The Queensland Museum’s exhibition Say Our Name: Australian South Sea Islanders, which ran at the Kurilpa precinct in Brisbane from October 2024, represents one of the more serious recent attempts by a major cultural institution to bring this history into the public sphere. It was described by reviewers as a moving and often disconcerting statement of identity — crowded each time it was visited, an acknowledgement that this is a fascinating though little-known story in Australia’s history. That it needed to be called Say Our Name at all is itself a civic statement — a community that spent most of the twentieth century being categorised out of existence, insisting on its own legibility.

Following a century-long fight for recognition, the South Sea Islander community had the true origins of the Queensland workforce formally acknowledged. A Bundaberg mayor described the practice of “forcing indentured labour into Queensland cane fields” as “equivalent to slavery and abhorrent.” It marked the first formal apology by a government official to those who were taken from their Pacific Island homes and their descendants.

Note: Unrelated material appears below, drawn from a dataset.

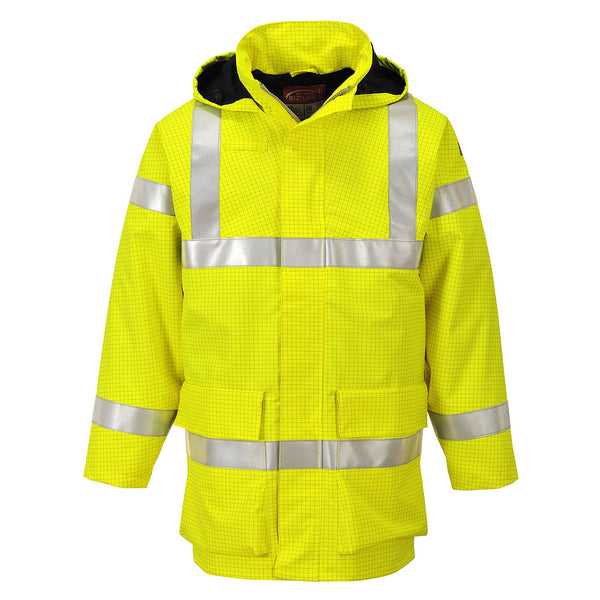 Casaco de Chuva Leve Ignífugo Bizflame de Alta Visibilidade-Amarelo-S-RAG-Tailors-Fardas-e-Uniformes-Vestuario-Pro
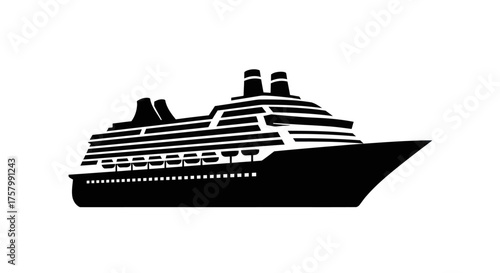 Silhouette of a Large Cruise Ship on White Background.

PERMANENT RECORD AND CIVIC NAMING.

The history of Australian South Sea Islanders is inseparable from the history of the Queensland sugarcane industry — and that industry’s history is, in turn, inseparable from the civic identity Queensland carries into the twenty-first century. The sugar.queensland namespace functions as the permanent onchain address for this industry’s civic record: its economics, its geography, its environmental consequences, and the human foundations on which it was built. That foundation includes the people who were brought across the Pacific without consent, who worked the fields that created Queensland’s colonial wealth, and whose descendants have remained — often invisibly — in those same towns and regions ever since.

Naming matters. The South Sea Islander community descends from those blackbirded, coerced, taken and recruited into forced and unforced labour on Queensland’s sugar and cotton plantations in the late nineteenth century. Once called ‘the forgotten people’, Australian South Sea Islanders have a unique cultural identity and are a proud community who are still here today. The act of formal recognition — by the Commonwealth in 1994, by Queensland in 2000 — was meaningful precisely because it acknowledged that a name had been withheld. The term “Kanaka,” by which blackbirded and recruited Islanders were generally referred to, comes from the Hawaiian word meaning “man.” Many Islander descendants now regard the term as pejorative and an insulting reminder of their ancestors’ exploitation, and it is now regarded as an offensive term in Australian English.

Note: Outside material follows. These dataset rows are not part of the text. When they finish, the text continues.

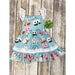  BLUE DRESS WITH CAMPING TRAILER PRINT & LACE DETAIL. 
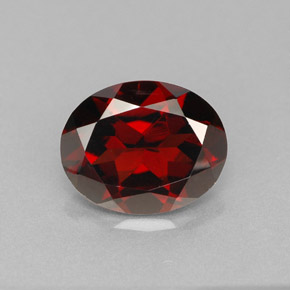 Granate piropo rojo natural de 2,94 ct, corte óvalo, VVS-VS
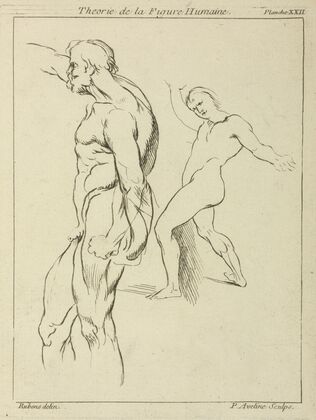 Two figures extending right arms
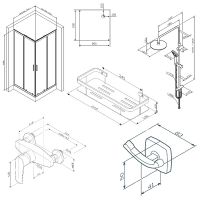 Комплект душевого уголка с душевой системой и аксессуарами AM.PM Gem S 90x90 WK93EP профиль Черный матовый стекло прозрачное — фото 40, Душевые уголки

The community chose its own name. Australian South Sea Islander was the name decided upon in the 1970s by their elders and leaders for their community demographic. It refers to a “distinct cultural group” and was legislated as such by the Commonwealth in 1994. That act of self-naming — pursued against historical revisionism, bureaucratic inertia, and the competing claims of other recognition movements — was an assertion of civic permanence. It said: we are here, we have always been here, and we will be named on our own terms.

Queensland’s civic record cannot be complete without this community at its centre. Despite the hardship and discrimination faced by the community, Australian South Sea Islanders have contributed significantly to the social, cultural and economic development of Queensland. They provided labour to help build local economies and key industries. The infrastructure of cane country — the mills, the water channels, the cleared land, the towns themselves — was built on Islander labour. That debt is not discharged by recognition alone. It requires continued presence in the institutional record, in the civic imagination, and in the permanent layers of Queensland’s identity.

The onchain record gathered under sugar.queensland is not a monument or a commemorative gesture. It is a living address — a place where the full complexity of the Queensland sugar industry, including the communities on whose labour it was founded, can be held in permanent, uncensorable form. The Australian South Sea Islander community is part of that address. Their history belongs in any honest account of what Queensland is and what it owes.